- When you need to run several inferences in order
- When you have several inferences, and they have dependencies
The microservice vertical pattern allows you to run multiple model in order. The pattern deploys prediction models in separate servers or containers as service. You execute prediction request from top to bottom synchronously, and gather the results to respond to the client. If there is dependencies of order for one another, the microservice vertical pattern is a good choice. It also allows you to separate maintenance lifecycle as well as fault isolation for deploying the servers independently.
You may place a proxy in between client and prediction services. You may expect the proxy to control the data retrieval and prediction order away from the client. You may let the proxy or each predictors to do additional data retrieval (Diagram2
).

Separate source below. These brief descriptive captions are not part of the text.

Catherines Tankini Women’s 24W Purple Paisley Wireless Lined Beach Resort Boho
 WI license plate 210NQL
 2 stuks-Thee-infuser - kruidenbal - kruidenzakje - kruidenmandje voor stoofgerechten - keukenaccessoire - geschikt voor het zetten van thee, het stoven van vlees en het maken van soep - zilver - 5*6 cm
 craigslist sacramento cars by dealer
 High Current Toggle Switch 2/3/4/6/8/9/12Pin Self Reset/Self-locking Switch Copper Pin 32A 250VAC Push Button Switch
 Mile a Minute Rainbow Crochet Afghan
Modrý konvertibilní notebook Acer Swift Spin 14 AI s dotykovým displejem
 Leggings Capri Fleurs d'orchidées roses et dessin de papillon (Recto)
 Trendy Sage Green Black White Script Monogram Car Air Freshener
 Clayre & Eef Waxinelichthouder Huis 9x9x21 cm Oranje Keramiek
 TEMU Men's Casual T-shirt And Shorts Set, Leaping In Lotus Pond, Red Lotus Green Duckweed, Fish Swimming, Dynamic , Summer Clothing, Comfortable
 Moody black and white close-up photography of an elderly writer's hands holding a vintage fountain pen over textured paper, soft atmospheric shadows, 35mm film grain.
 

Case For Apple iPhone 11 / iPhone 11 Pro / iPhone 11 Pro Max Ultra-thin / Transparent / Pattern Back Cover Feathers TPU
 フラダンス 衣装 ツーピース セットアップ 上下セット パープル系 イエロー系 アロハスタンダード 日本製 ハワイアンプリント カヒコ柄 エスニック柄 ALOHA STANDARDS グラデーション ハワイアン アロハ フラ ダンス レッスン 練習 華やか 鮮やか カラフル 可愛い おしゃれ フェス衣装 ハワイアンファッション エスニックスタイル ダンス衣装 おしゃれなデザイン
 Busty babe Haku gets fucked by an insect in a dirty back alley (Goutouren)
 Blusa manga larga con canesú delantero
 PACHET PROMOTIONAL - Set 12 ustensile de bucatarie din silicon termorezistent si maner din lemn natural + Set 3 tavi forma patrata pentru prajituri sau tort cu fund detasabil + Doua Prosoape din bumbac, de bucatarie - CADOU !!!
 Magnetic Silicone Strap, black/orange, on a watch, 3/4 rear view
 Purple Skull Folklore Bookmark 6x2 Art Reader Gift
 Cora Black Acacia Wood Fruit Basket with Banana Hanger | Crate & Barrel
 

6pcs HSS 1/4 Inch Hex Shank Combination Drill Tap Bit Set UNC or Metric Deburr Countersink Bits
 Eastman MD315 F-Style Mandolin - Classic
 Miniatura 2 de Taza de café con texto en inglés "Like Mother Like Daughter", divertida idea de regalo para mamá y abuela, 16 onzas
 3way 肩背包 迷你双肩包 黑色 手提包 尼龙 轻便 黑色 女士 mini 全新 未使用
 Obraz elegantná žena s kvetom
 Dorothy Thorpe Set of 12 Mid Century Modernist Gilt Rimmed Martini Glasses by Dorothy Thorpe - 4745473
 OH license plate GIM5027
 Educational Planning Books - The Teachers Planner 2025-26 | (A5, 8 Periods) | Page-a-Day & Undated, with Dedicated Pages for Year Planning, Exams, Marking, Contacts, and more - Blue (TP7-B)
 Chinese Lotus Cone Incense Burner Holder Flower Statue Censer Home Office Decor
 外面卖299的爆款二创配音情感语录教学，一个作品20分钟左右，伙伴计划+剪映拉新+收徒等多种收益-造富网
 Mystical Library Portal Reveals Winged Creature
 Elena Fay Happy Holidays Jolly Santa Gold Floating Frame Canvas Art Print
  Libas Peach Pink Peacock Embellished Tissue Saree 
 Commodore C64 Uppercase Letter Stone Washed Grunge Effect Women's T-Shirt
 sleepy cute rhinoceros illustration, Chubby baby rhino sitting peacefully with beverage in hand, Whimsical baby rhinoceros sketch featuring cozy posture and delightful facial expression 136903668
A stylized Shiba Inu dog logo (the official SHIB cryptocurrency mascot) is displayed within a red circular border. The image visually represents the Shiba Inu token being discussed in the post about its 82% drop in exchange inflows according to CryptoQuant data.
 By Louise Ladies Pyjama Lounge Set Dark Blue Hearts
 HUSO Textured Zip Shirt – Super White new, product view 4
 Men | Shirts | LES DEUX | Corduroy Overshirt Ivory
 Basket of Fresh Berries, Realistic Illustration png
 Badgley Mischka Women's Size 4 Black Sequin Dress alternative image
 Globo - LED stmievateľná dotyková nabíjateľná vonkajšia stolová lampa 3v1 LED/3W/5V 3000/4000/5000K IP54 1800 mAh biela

An advantage of proxy to get data is that it will decrease the number of requests to DWH or storage to reduce overhead, while the latter will let you control the data structure depending on each prediction model, that allows you to make complex workflow.
- You may run multiple predictions in order.
- It is possible to select next prediction service depending on the former prediction.
- You may make the resource usage efficient, independent in server and code, and isolate failure.
- Since the predictions run synchronous order, it will require higher latency.
- A former prediction latency may be bottleneck.
- Complex system structure and workflow.
- You may need to consider concrete performance tuning to meet required service level.
- The system structure will become complex. It is better to try to make the interfaces and servers common.